Of course if one party fails more or less entirely to perform the contract, or totally prevents the performance of the contract by the other party, the situation is straightforward. The situation becomes more complex where the argument is over the quality of materials, the timing of work, or something of that sort.

Breach of contract leaves the nonperforming or improperly performing party open to a claim for damages by the other party. The non-breaching party is relieved of his obligations under the contract by the other party's breach.

The aggrieved party, to help support his claim for breach, should have done all the things required of him under the contract up until the time of breach, and must have done nothing to make it impossible or unreasonably difficult for the other party to perform his share. The nonperforming party can be expected to make excuses for his conduct, and he will try to find ways to blame the other party--an excellent argument for performing one's own side of a contract punctiliously and in a manner that leaves a record which others can see.

There are so many possible ways for performance of a contract to give rise to dissatisfaction that the courts have been forced to analyze the matter in much more subtle terms than "breached" or "not breached."

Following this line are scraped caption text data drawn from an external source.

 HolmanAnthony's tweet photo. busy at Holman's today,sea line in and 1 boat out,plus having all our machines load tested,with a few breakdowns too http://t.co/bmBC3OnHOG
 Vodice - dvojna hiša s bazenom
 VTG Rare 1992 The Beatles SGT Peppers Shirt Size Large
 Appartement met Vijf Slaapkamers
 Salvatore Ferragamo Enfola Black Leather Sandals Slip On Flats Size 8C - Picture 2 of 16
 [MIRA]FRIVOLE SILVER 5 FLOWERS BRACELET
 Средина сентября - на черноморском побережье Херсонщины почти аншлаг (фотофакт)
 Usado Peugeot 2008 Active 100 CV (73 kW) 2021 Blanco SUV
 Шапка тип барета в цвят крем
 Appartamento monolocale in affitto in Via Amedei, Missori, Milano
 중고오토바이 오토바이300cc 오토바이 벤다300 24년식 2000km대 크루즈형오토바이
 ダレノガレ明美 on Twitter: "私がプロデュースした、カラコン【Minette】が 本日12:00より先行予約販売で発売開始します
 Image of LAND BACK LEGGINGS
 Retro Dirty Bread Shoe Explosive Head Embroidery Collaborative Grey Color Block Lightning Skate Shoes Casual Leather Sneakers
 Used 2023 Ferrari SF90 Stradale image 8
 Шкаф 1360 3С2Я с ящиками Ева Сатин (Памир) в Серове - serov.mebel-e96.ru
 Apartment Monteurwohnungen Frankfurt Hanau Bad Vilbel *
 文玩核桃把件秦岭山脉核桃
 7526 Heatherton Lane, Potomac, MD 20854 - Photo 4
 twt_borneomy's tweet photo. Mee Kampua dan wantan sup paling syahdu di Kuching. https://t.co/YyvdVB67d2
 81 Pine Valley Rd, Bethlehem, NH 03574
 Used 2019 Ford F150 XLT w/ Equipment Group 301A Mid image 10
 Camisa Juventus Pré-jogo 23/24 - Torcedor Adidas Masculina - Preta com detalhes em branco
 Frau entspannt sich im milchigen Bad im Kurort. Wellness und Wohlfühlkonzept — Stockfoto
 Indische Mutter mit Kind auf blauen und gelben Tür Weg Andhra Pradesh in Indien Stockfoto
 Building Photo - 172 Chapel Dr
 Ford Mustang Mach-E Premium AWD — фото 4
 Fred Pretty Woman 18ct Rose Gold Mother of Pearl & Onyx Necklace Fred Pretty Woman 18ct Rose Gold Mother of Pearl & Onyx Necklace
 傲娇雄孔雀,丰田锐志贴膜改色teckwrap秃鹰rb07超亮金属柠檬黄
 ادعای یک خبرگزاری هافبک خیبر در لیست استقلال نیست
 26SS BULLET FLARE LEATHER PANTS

The doctrine of "substantial performance" saves a party who has largely fulfilled his obligations under a contract from suffering major loss merely because he has unintentionally fallen short in some particular which does not affect the essence of the contract.

There has to be a limit to the quibbles of the dissatisfied customer, for example, or the courts would be swamped with trials over precise shades of paint and tiny imperfections in services. A party can unintentionally fall short of perfection, but if he has substantially performed his duties under the contract, he can still sue the other party for payment.

The dissatisfied party, on the other hand, can usually win some adjustment in the amount of payment as compensation for the minor defects in the performance.

Where a party's unintentional failure to perform fully does affect the essence of the contract, he cannot sue the other party "on the contract" in order to be paid. To the extent that his work has benefited the other party, he may recover on the theory of a contract implied by law (quasi-contract), as explained above.